I'm having a problem with all 3 of the malts eyes watering. I rinse their eyes 2x a day with Fresh Eyes and give 1/2 Chlor Tab 2x a day per vets recmmendations and it's not helping with the watery eyes. It's getting to the point that their eyes are watering so bad that they are staining again and i have cut Riley's and Chloe's hair very short on their faces because of the staining and i had damaged their hair enough trying to keep it white. We have a vet appointment Tuesday morning, but i was hoping that there could be something i could do in the meantime. I notice that Riley tends to get hair in his eyes more than the others.


----------



## jmm (Nov 23, 2004)

If its allergy related, you might try a different antihistamine. I've been using Zyrtec with great success. Instead of flushing, put the solution on a cotton ball and clean around the eyes and use a soothing tear drop (like Genteal drops). Sometimes that helps as well.


----------



## mysugarbears (Aug 13, 2007)

Thanks Jackie, i'm 99.9% sure it's allergy related. I went out and got the Zyrtec and Genteal drops to see if that helps since we have to wait until Tuesday.


----------



## dwerten (Oct 6, 2007)

yes zyrtec has been working great for many dogs on allergy group as well as better than benedryl. 

I went to an opthamologist with dex to have him checked for dry eye due to allergies and she said do not use saline solution all the time as it will mess up the natural tear production in the eye if you do this all the time so be careful as she said only to do it when the santa ana's kicked up out here in california but to wash around the eyes with a warm wash cloth to clean eyes.
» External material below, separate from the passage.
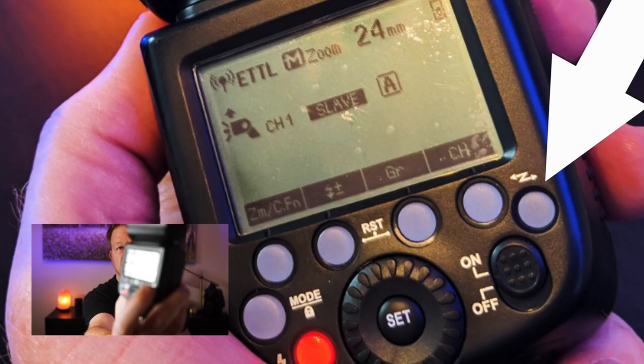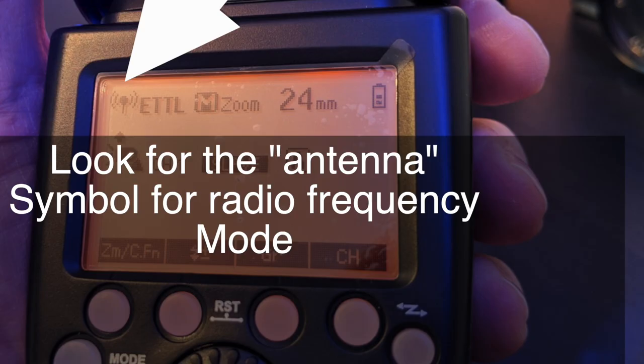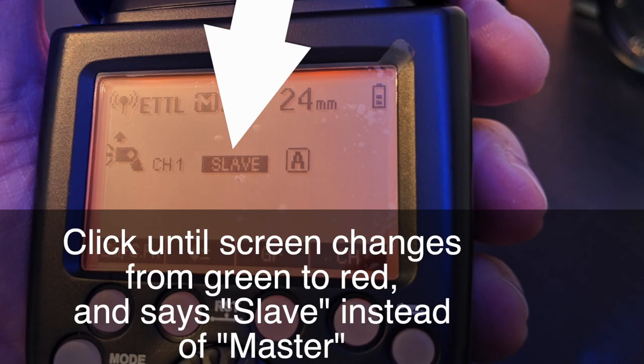Now we go to our flash — this is where we set the flash to receive the command from the trigger. There are a couple of tricky things. There's a little lightning symbol that denotes optical mode — we're not going to use optical mode. You take this symbol right here, it looks like a lightning bolt or a Z, and you click it to cycle through the modes. Click it once and it shows optical ETTL; click it again and it shows something that looks like an antenna — ETTL. Now we're getting close. We need to switch out of those optical Z symbols into the radio frequency controller.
This may be the problem by over using the drops  it is causing the eye to produce more 


QUOTE (JMM @ Jun 26 2009, 02:13 PM) index.php?act=findpost&pid=797215


> If its allergy related, you might try a different antihistamine. I've been using Zyrtec with great success. Instead of flushing, put the solution on a cotton ball and clean around the eyes and use a soothing tear drop (like Genteal drops). Sometimes that helps as well.[/B]


----------



## mysugarbears (Aug 13, 2007)

QUOTE (dwerten @ Jun 26 2009, 04:57 PM) index.php?act=findpost&pid=797256


> yes zyrtec has been working great for many dogs on allergy group as well as better than benedryl.
> 
> I went to an opthamologist with dex to have him checked for dry eye due to allergies and she said do not use saline solution all the time as it will mess up the natural tear production in the eye if you do this all the time so be careful as she said only to do it when the santa ana's kicked up out here in california but to wash around the eyes with a warm wash cloth to clean eyes. This may be the problem by over using the drops  it is causing the eye to produce more
> 
> ...





> If its allergy related, you might try a different antihistamine. I've been using Zyrtec with great success. Instead of flushing, put the solution on a cotton ball and clean around the eyes and use a soothing tear drop (like Genteal drops). Sometimes that helps as well.[/B]


[/B][/QUOTE]


Thank you, that makes alot of sense. I'm just going to was around the eyes instead of rinsing. How much Zyrtec do you give? So now i'm going to use the Genteal drops to relubricate their eyes since i may have over used the Fresh Eyes in rinsing.  I feel so bad that i may have caused their tearing to get worse by rinsing their eyes because of allergies.


----------



## dwerten (Oct 6, 2007)

i would be cautious with what you are putting into the eyes  and messing with natural production - if they do not have dry eye or infection i would not be putting things in the eye just my opinion  I chose not to and just use a warm wash cloth and clean around his eyes every day with a flea comb and keep the gunkies out. If it is an eye infection and green then use meds or if they have dry eye then they need cyclosporine drops and if you are real concerned about it then i would see an opthamologist. The eyes are nothing to mess with and why i went straight to opthamologist when i had an issue with dex -- i spent $160 but she spent an hour with us and looked him all over and said he is perfectly healthy and less is more so i felt much better leaving there knowing he was healthy and i was doing what is safe. 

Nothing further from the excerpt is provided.